I have never liked this phrase. I think it’s something we tell ourselves to feel better when we are annoyed at someone incessantly copying us. Or, even worse, something others tell us when they blatantly reproduce something we did first.

In business, we all have that company that drives us crazy. The “competitor” that never seems to have an original idea. They copy our content, ideas, website etc. without remorse or shame.

Same goes for that person who buys the same car, clothes or waits to see what we are doing before making their own decisions.

We might tell ourselves we’re flattered, but we really aren’t. We are annoyed.

The consolation, however, is that people or companies who are happy to just imitate or copy others generally aren’t very successful in the long run. As they aren’t focused on originality or innovation, they typically commit themselves to a path of mediocrity.

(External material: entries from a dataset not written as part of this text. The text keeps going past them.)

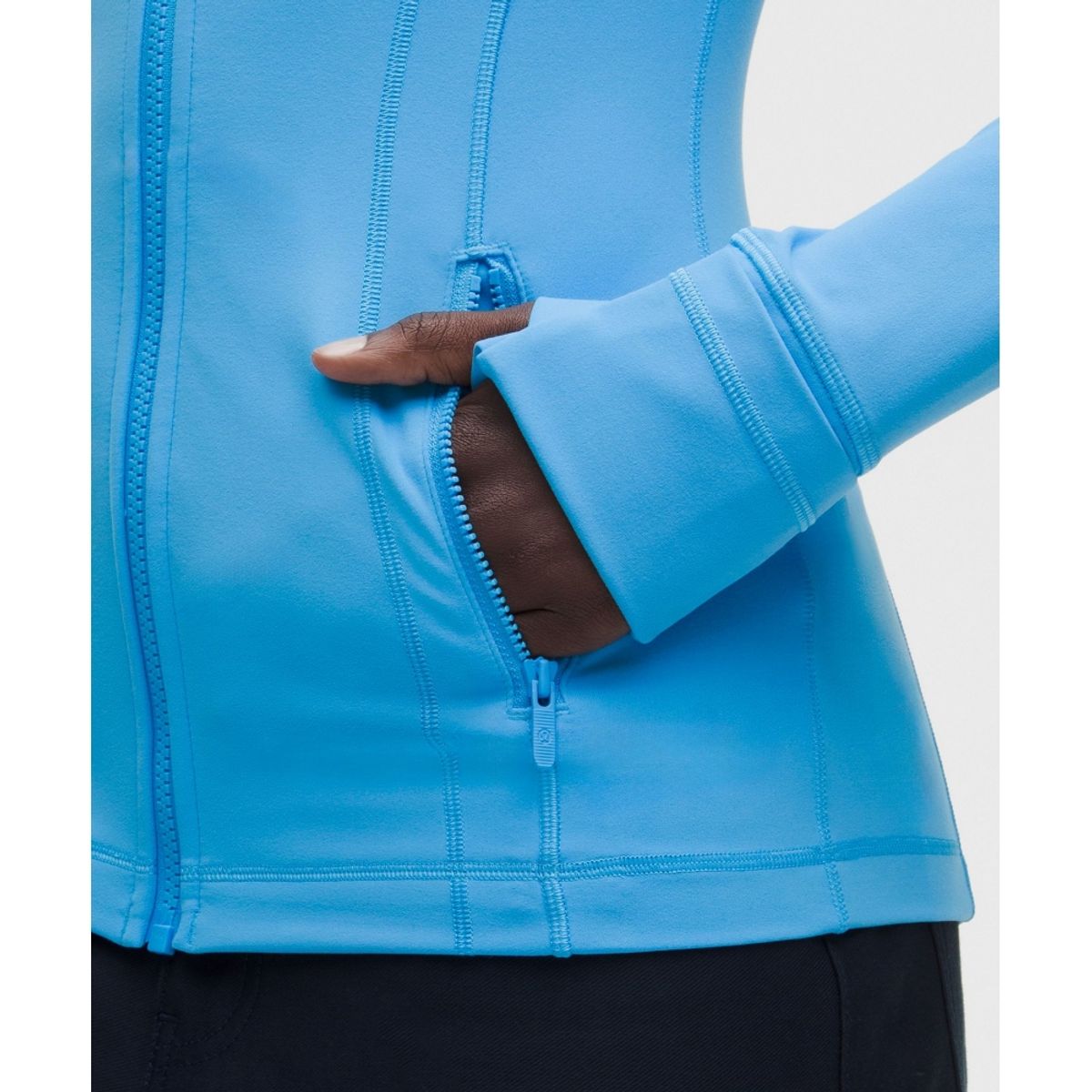 룰루레몬(LULULEMON) 디파인 재킷 *Nulu  OAVE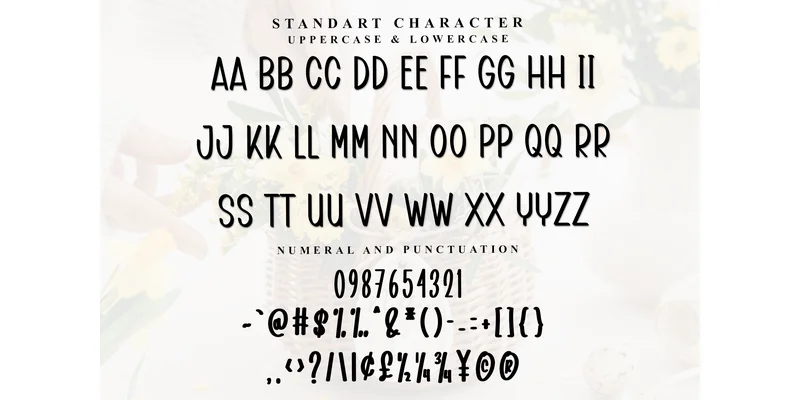Street Writing Font by FreshTypeINK — Display Font — thumbnail 4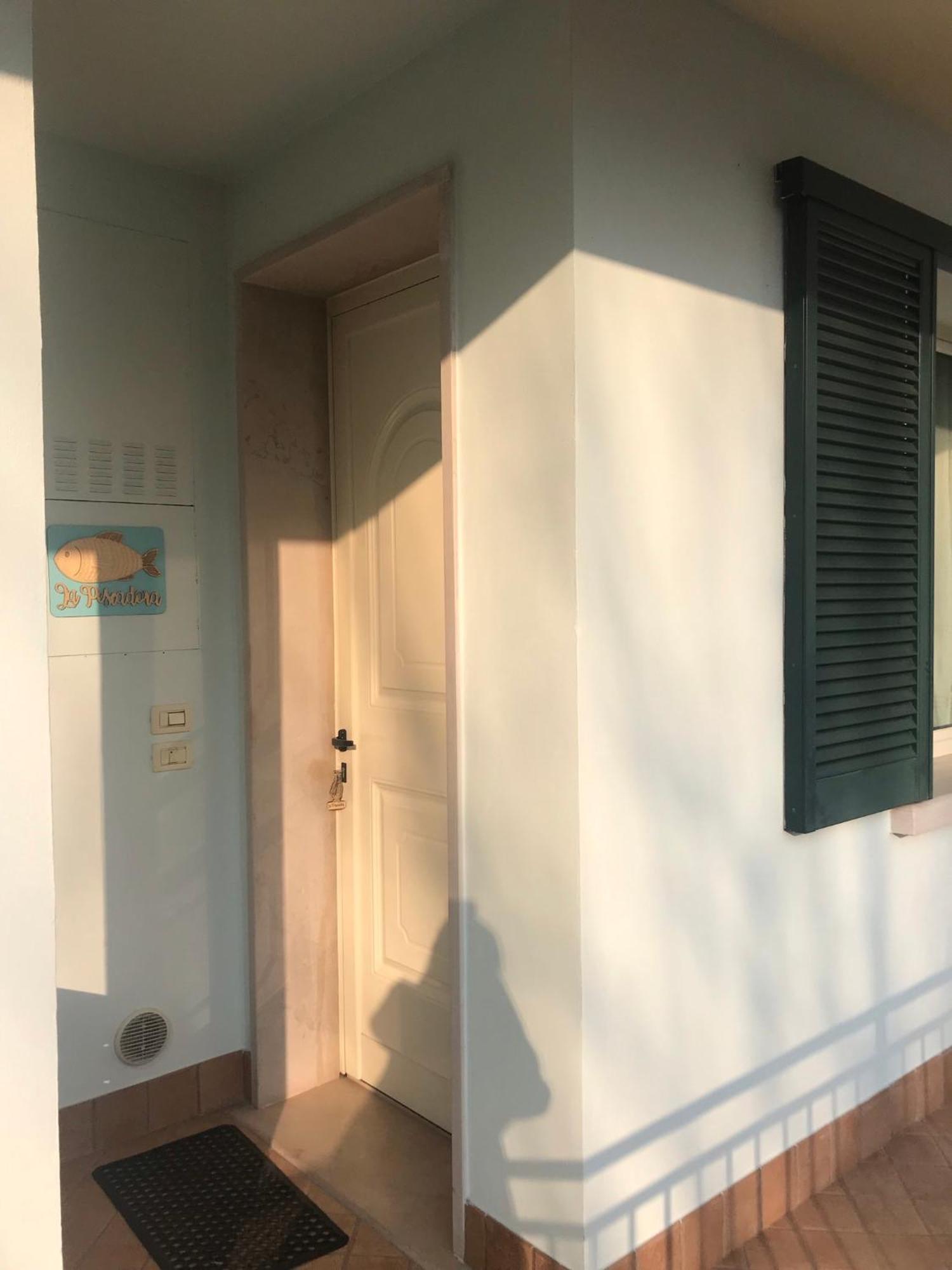 Casa Caterina Lake View Holidays Apartments بسكييرا ديل غاردا المظهر الخارجي الصورة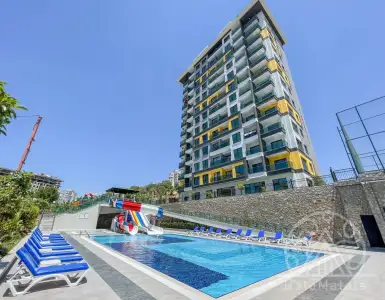 Buy in Turkey for 81000€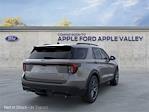 2025 Ford Explorer 4WD SUV for sale #94447 - photo 8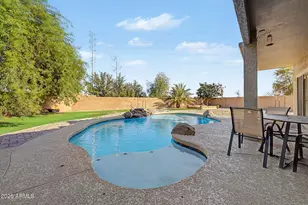 3149 S Sierra Heights, Mesa, AZ 85212 - Photo 48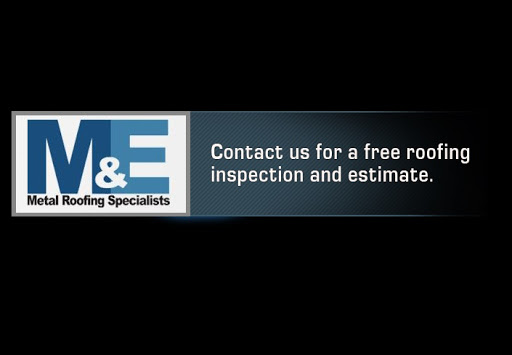 M & E Metal Roofing - Thumbnail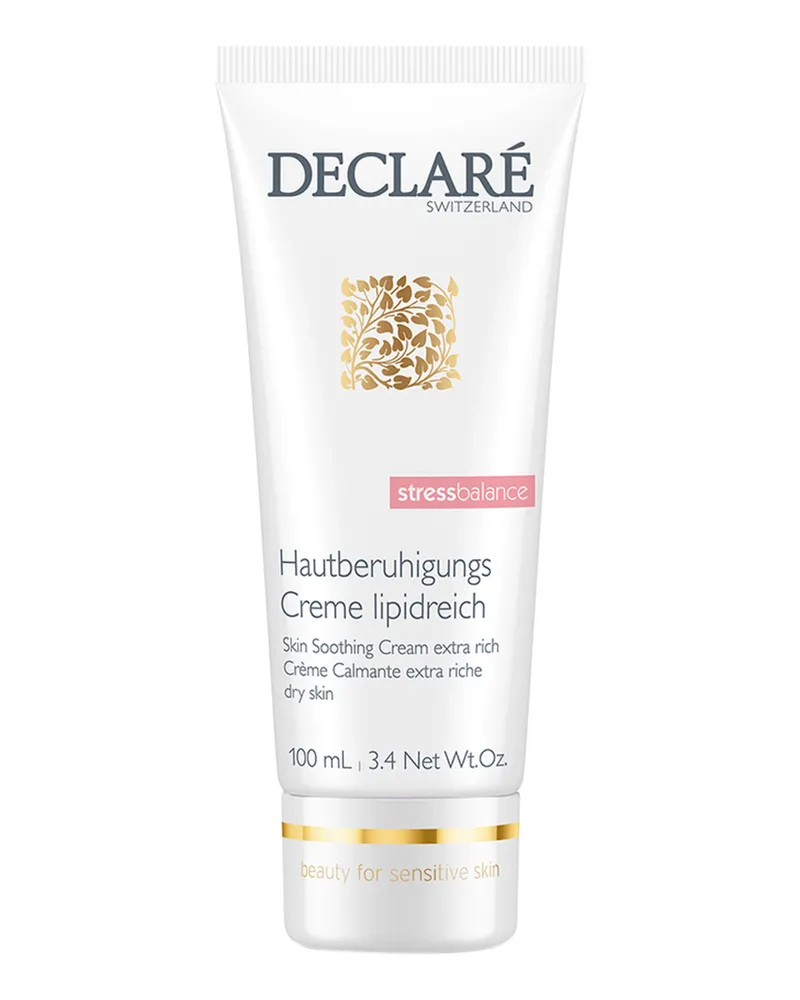 Declaré STRESSBALANCE 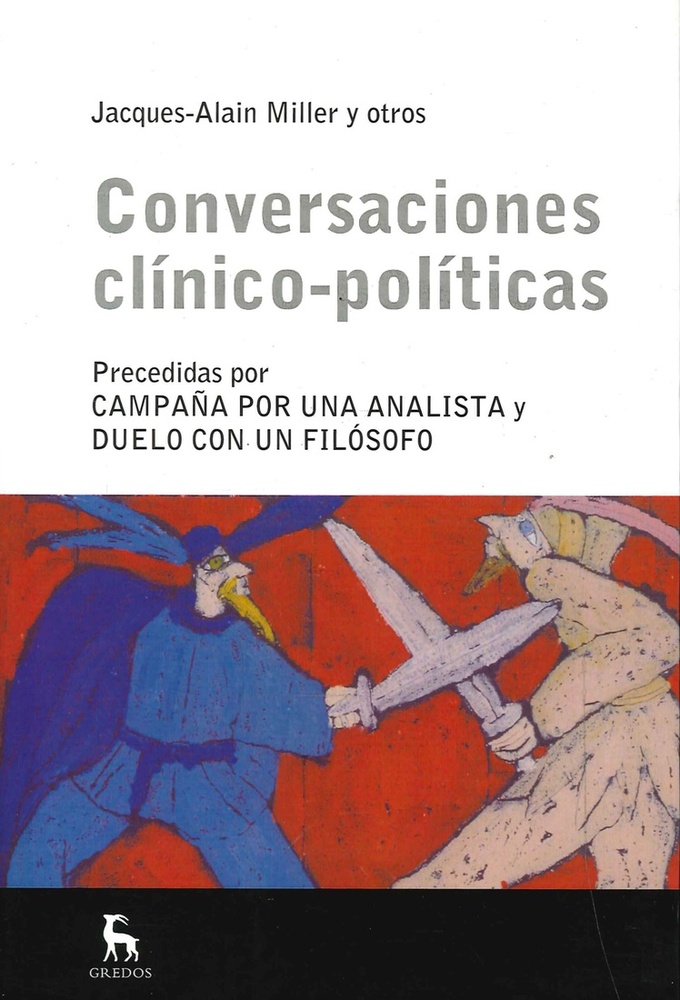 Conversaciones clínico-politícas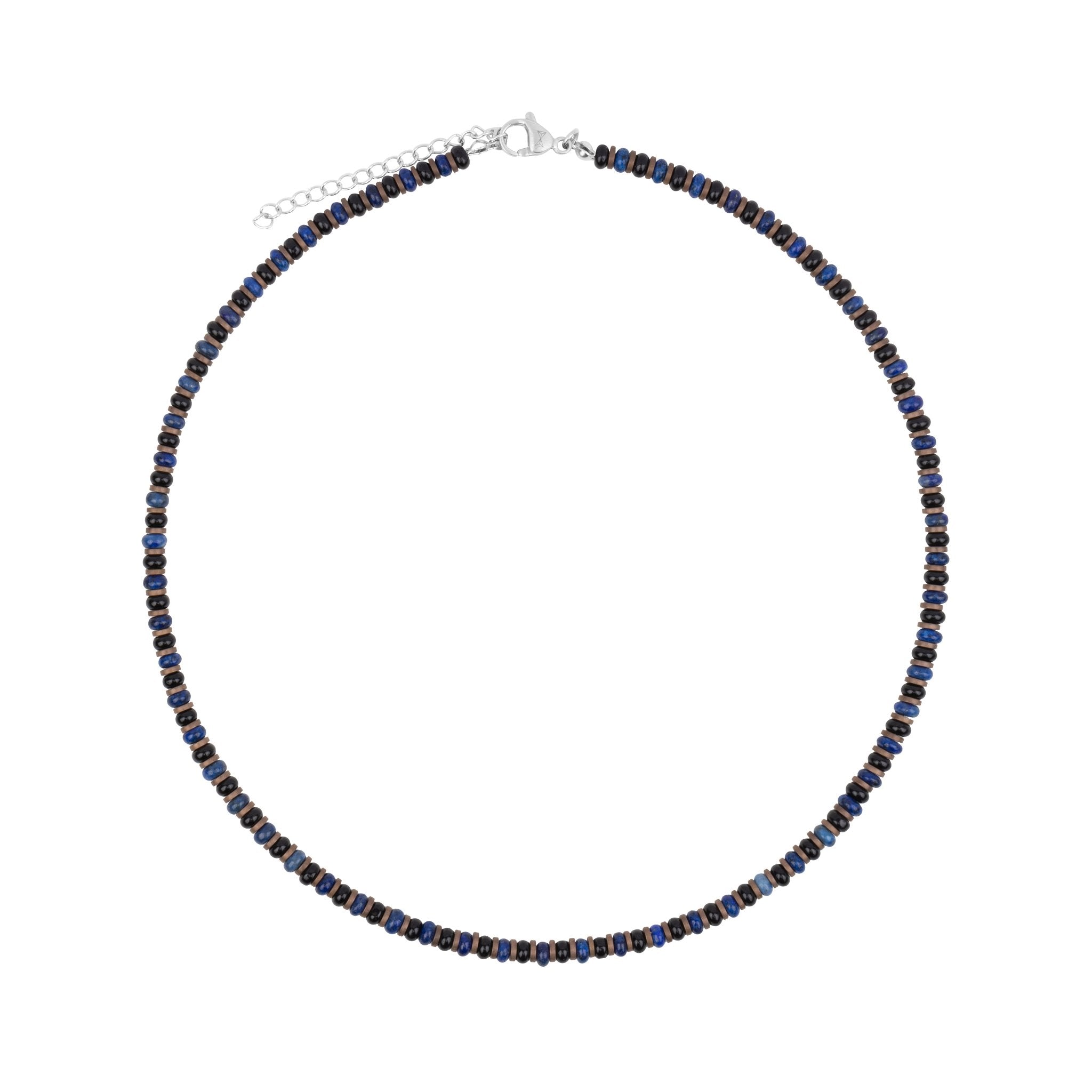 AZE Ketting AZ - NL412 - A - 050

Great people and companies look to innovate, stand out and bring new ideas to the fore – especially within their market. They are passionate about learning and take inspiration, not imitation, from many different places.  They focus on themselves and on what they can control. They are leaders, not followers.

As a father, I can already see the difference emerging between the kids who are happy to be imitators and those who have the courage to ignore what others are doing; those who are confident enough to forge their own path. Learning to blend in and not rock the boat is playing the short game, not the long one.

One thing that history has taught us is that simply being first does not guarantee success. More often, pioneers pave the way for settlers who have greater success. They’re able to sit back, analyze mistakes. In business, this often manifests in coming to market with a better offering. Different from being a copycat or imitator, these individuals pay attention to a developing market and then innovate at the right time.

For instance, Apple did not have the first MP3 player or smartphone. Facebook was not the first social network. Tesla did not invent the electric car and Google was not the first search engine.

The next time you see that pesky competitor copying your company, take solace in the fact that those who are focused on imitation aren’t very likely to innovate. Instead of wasting your energy in frustration, relish in the fact they are likely complacent in a state of mediocrity.

At the same time, never assume that just because you were first, that you are guaranteed success. Someone can always do better. Resting on your laurels is just as dangerous, if not more, than resigning yourself or your company to being an imitator.

Quote of the Week

“The imitator dooms himself to hopeless mediocrity.”